As the brothers near the contest's finish line and escape the Sneads' ambushes, Eli and Billy realize that Ragsdale has manipulated the race so that both brothers would be killed. The brothers reconcile, complete the race, and expose Ragsdale's scheme for collecting the entire fortune. After a chase through the town, Jasper assists with capturing Ragsdale. Ragsdale is thrown in jail, Sheriff Denver becomes the town's new mayor, and the Bloodshy brothers decide to share their inheritance to improve the town. Eli announces that he'll rebuild the school for Jenny, as well as decides to adopt Roxanne and Marcus.

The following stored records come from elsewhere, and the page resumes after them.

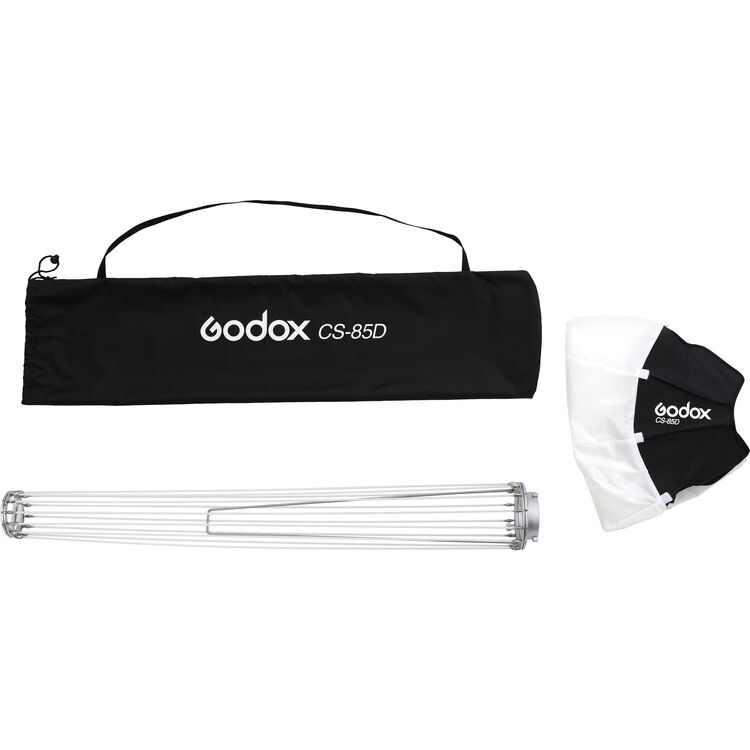 Godox CS85D Collapsible Lantern Softbox with Bowens Mount (33.5")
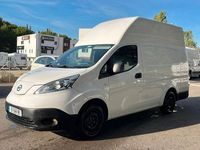 Gebraucht Nissan e-NV200 80 kW (109 PS) 2019 Weiß Van / Kleinbus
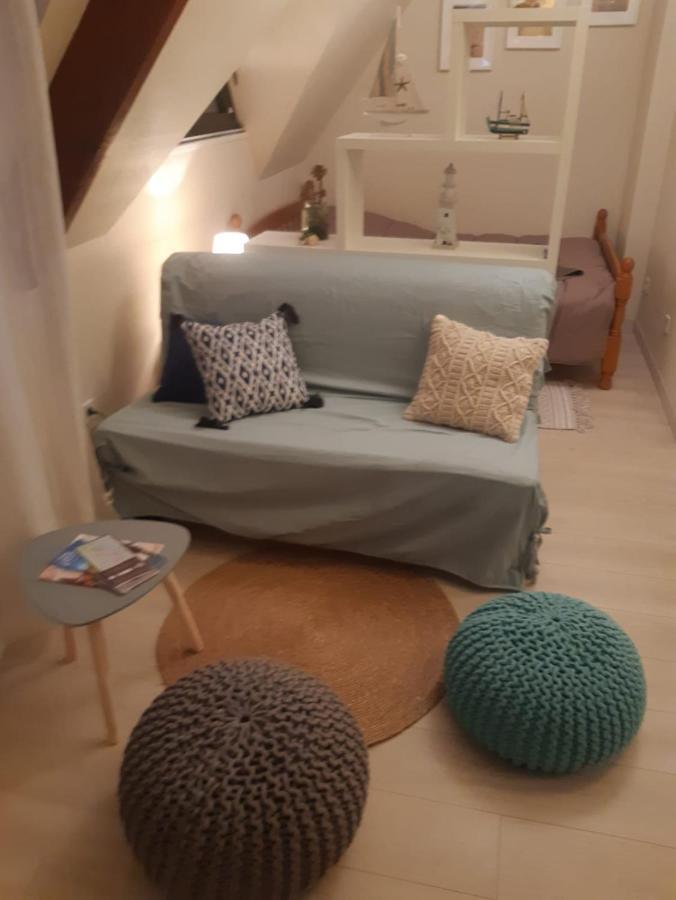 La Perle Hotel องเฟลอร์ ภายนอก รูปภาพ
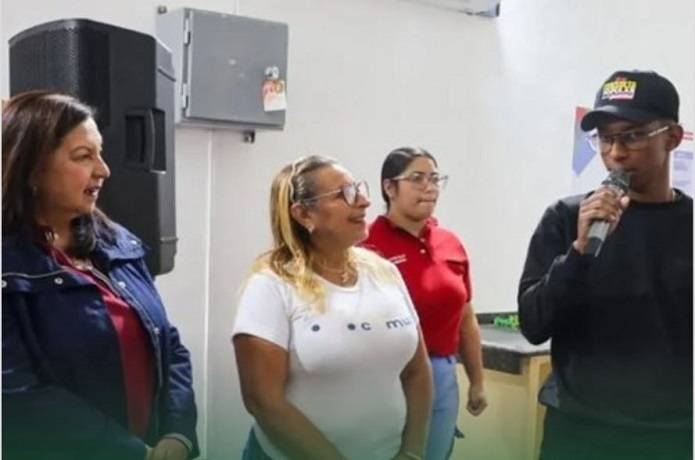 Caracas fortalece autogobierno comunal con nueva sala en Pinto Salinas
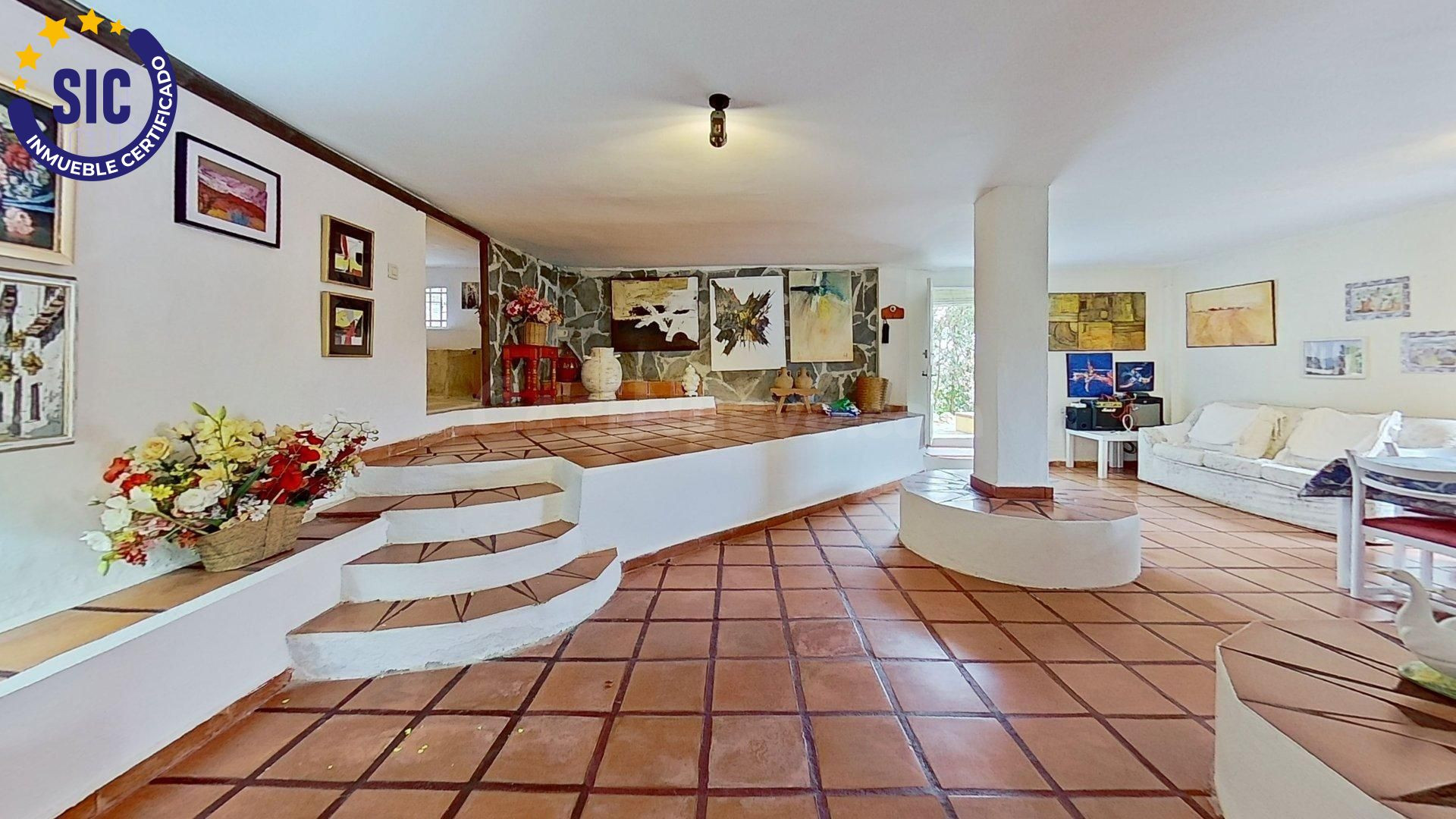 Gran oportunidad: chalet con gran parcela y proyecto de segu - foto 2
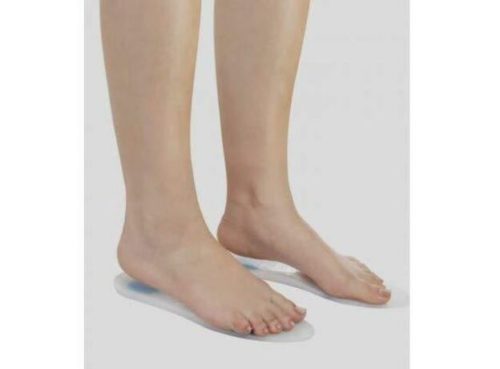 Flamingo Silicon Foot Insole for Men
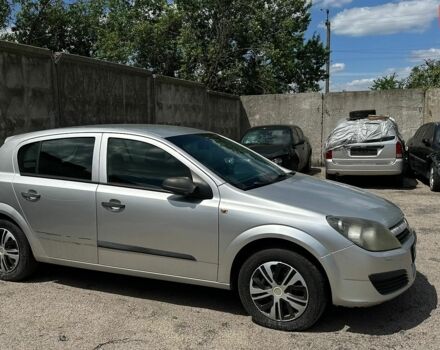 Сірий Опель Астра, об'ємом двигуна 1.8 л та пробігом 260 тис. км за 2800 $, фото 9 на Automoto.ua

The story ends with Jasper Bloodshy being spotted by newly appointed mayor Denver as Jasper and Mansfield leave town by stagecoach. They head to Cactus Ridge as Jasper reveals he intends to check on his two daughters, Callico Cate and Wildcat Winnie.

==Cast==

- Jim Dale as Jasper/Wild Billy/Eli Bloodshy
- Karen Valentine as Jenny Willingham
- Don Knotts as Sheriff Denver Kid
- Darren McGavin as Mayor Ragsdale
- Jack Elam as Rattlesnake
- John Williams as Mansfield
- Warren Vanders as Boss Snead
- Debbie Lytton as Roxanne
- Michael Sharrett as Marcus
- David Cass as Jack
- Richard Wright as Pete
- Don "Red" Barry as Bartender
- Jimmy Van Patten as Jake
- Gregg Palmer as Jeff
- Ed Bakey as Joshua
- John Steadman as Old Codger
- Eric Server as Cowboy
- Paul Lukather as Cowboy
- Hap Lawrence as Cowboy
- Robert Rothwell as Cowboy
- Terry Nichols as Prisoner
- Dallas McKennon as Saloon Man
- Stanley Clements as Saloon Man
- Don Brodie as Saloon Man
- Warde Donovan as Saloon Man
- Ron Honthaner as Saloon Man
- Norland Benson as Farmer
- Jack Bender as Farmer
- Jim Whitecloud as Indian Chief
- Brad Weston as Indian
- Russ Fast as Official
- Mike Howden as Official
- Art Burke as Official
- James Michaelford as Dead-Eye

==Production==
Portions of the movie were filmed in Deschutes National Forest in central Oregon.

==Music==
The film features two original songs. "May the Best Man Win" is played during the opening credits sequence. The song was written by Al Kasha and Joel Hirschhorn, and it was performed by Michael Dees. "Something Good Is Bound to Happen" is performed early in the film by Jim Dale, Debbie Lytton, and Michael Sharrett as they attempt to collect donations for the Salvation Army in Philadelphia, as well as at the film's conclusion during a town meeting in Bloodshy. The song was written by Buddy Baker, Arthur Alsberg, and Don Nelson.

==Release==
Hot Lead and Cold Feet was released on July 5, 1978, by Buena Vista Distribution on a double feature with The Madcap Adventures of Mr. Toad, a re-titled reissue of the 1949 animated featurette The Wind in the Willows (from The Adventures of Ichabod and Mr. Toad).

===Home media===
The film was released on VHS three times: March 4, 1980; October 14, 1986; and in 1993. The film received a DVD release on July 6, 2004, and was included in the Don Knotts 4-Movie Collection on September 2, 2012. The film has not been released on Blu-ray as of March 2023.